Le 24 octobre 2024, la Commission a déclaré sa demande recevable.
Par jugement du 05 novembre 2024, le juge des tutelles a désigné le [18] ([17]) en qualité de tuteur de Monsieur [M] [Z].
Estimant sa situation irrémédiablement compromise, elle a imposé le 12 décembre 2024 un rétablissement personnel sans liquidation judiciaire.
La Résidence [Localité 24] à qui cette décision a été notifiée par lettre recommandée avec avis de réception reçue le 16 décembre 2024, a saisi la commission de surendettement d’une contestation de cette mesure par lettre reçue le 05 janvier 2025.
La Résidence [Localité 24] s’oppose à la mesure d’effacement afin de ne pas pénaliser les autres résidents qui s’acquittent régulièrement de leurs charges, faisant valoir une créance de 3.258€ et rappelant que le débiteur bénéficiait d’une aide sociale versée par le Département des Alpes de Haute-Provence.
Le dossier et le recours ont été reçus au greffe de ce tribunal le 03 février 2025.
Monsieur [M] [Z], représenté par son tuteur, le [17], et ses créanciers connus ont été convoqués à l’audience du 13 mars 2025, par lettre recommandée avec avis de réception, en application de l’article R.741-11 du Code de la consommation.

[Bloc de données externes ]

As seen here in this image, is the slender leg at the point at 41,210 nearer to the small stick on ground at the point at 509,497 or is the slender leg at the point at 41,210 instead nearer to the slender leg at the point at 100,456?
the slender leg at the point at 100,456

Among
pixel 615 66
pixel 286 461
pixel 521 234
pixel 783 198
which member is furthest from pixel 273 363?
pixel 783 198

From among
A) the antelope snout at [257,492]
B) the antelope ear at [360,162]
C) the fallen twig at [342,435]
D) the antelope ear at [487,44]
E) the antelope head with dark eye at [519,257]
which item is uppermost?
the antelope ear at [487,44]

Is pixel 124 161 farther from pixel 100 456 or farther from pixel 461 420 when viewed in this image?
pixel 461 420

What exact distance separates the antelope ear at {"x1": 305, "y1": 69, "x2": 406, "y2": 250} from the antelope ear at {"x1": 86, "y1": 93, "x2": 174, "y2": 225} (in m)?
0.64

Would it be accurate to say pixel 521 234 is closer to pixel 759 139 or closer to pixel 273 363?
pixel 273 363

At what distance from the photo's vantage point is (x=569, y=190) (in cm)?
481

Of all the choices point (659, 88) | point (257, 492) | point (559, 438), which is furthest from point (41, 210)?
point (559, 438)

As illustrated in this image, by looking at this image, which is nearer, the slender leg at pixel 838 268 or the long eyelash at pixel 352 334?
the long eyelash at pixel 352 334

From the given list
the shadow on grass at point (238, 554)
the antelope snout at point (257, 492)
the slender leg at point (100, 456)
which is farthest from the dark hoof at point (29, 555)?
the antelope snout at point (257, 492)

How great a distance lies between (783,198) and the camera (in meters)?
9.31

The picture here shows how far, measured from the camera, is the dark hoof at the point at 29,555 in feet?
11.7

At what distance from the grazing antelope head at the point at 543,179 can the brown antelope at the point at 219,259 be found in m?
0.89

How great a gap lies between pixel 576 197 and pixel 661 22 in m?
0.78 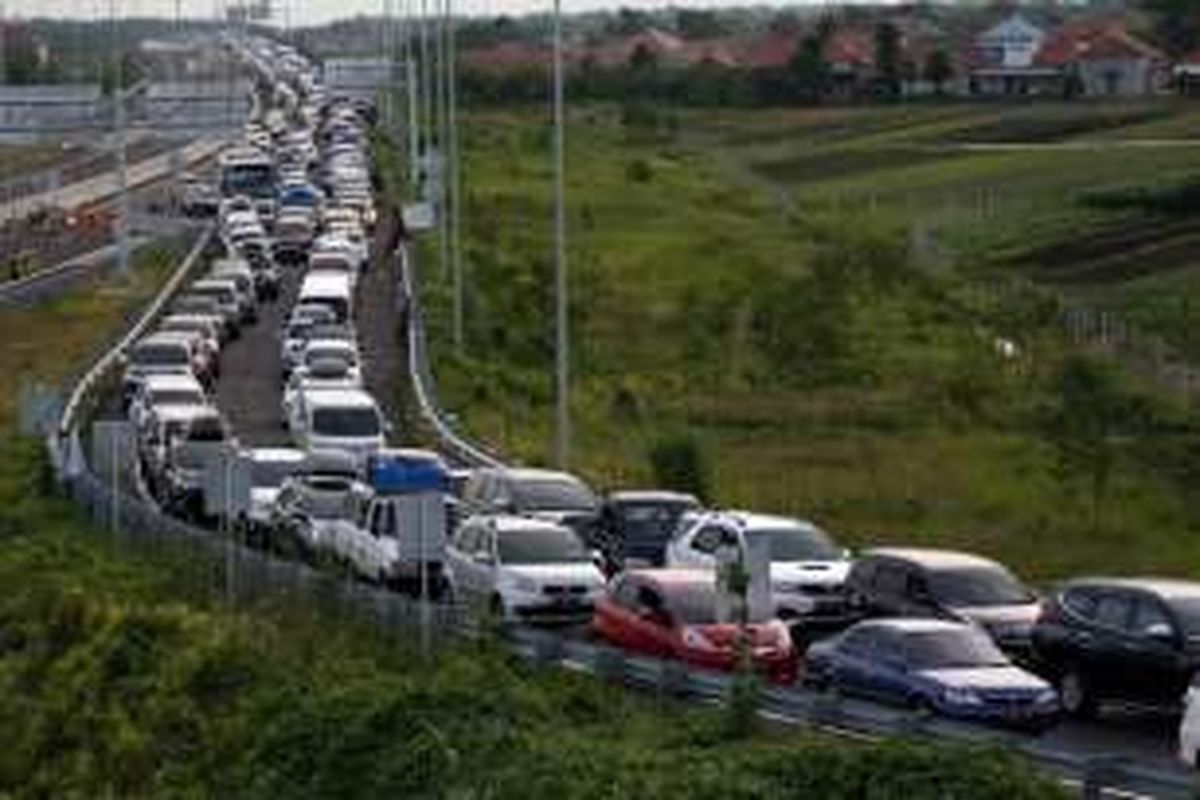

Lors de cette audience, Monsieur [M] [Z], représenté par son tuteur, Madame [L] du GPJM, a précisé que ce Monsieur est âgé de 79 ans ; qu’il a été placé dans une résidence GHU de [Localité 20] et sous tutelle le 05 novembre 2024, rappelant qu’il avait été trouvé errant près de la gare ; qu’il lui reste une somme de 124€ d’argent de vie.
Usant de la faculté ouverte par les dispositions de l’article R.713-4 du Code de la consommation permettant de comparaître par écrit, par courrier réceptionné avant l’audience, la [Adresse 21] a confirmé les termes de son recours.
Malgré signature de l’avis de réception de leurs lettres de convocations, les autres créanciers ne sont pas représentés et n’ont pas formulé d’observations par écrit de sorte que le présent jugement, de premier ressort, sera réputé contradictoire. L’affaire a été mise en délibéré au 10 avril 2025.
MOTIFS DE LA DÉCISION
Sur la recevabilité du recours
Conformément à l’article L.741-4 et R.741-1 du Code de la consommation, la décision de la commission de surendettement se prononçant sur la recommandation d’un rétablissement personnel sans liquidation judiciaire peut faire l’objet d’un recours devant le juge des contentieux de la protection dans un délai de 30 jours à compter de sa notification, par déclaration remise ou adressée par lettre recommandée avec demande d’avis de réception au secrétariat de la commission.
En l’espèce, la mesure de rétablissement personnel sans liquidation judiciaire a été notifiée à la Résidence [Localité 24] le 16 décembre 2024 qui l’a contestée suivant courrier reçu le 05 janvier 2025.
Le délai légal ayant été respecté, la [22] sera dite recevable en son recours formé dans le délai imparti à compter de la notification.
Sur le bien-fondé de la situation du débiteur et la mesure de rétablissement personnel sans liquidation judiciaire ainsi que la contestation de la Résidence [Localité 24]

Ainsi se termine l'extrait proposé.